# Does annyone have a horse training logbook?



## Almond Joy (Dec 4, 2011)

I've never seen one, but it seems like a very good idea! I would include the date, length of ride, the weather, and what you did/how your horse was. With a calender-type one, you can also plan dates to train and days not to.


----------



## Horses4Healing (Feb 3, 2012)

Almond Joy said:


> I've never seen one, but it seems like a very good idea! I would include the date, length of ride, the weather, and what you did/how your horse was. With a calender-type one, you can also plan dates to train and days not to.


I was thinking very similar. I'd change length of ride to length of workout since some horses cannot be ridden or some people (like myself) are unable to ride at times. I do like your idea for the weather since most horses have more silly and hyper energy on colder or windy days. So good idea there! 

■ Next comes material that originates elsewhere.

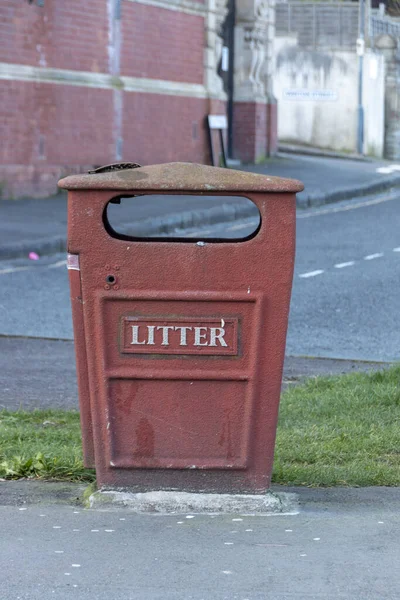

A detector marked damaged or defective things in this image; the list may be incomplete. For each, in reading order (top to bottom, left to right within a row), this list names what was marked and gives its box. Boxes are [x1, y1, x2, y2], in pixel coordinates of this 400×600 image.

So here's what I've decided, and yes I think I will make my own.

Date
Length of Workout
Weather and Other Factors
Comments and Notes

Anyone else have anything to add?


----------



## EmilyJoy (Dec 30, 2011)

Horses4Healing said:


> I was thinking very similar. I'd change length of ride to length of workout since some horses cannot be ridden or some people (like myself) are unable to ride at times. I do like your idea for the weather since most horses have more silly and hyper energy on colder or windy days. So good idea there!
> 
> So here's what I've decided, and yes I think I will make my own.
> 
> ...


I love the idea! If you get it made you should make sure to post it!


----------



## enh817 (Jun 1, 2012)

I've always kept a notebook of all my riding and training sessions as well as just general info I pick up that I feel might be useful later.
I have a poor memory, so it really helps.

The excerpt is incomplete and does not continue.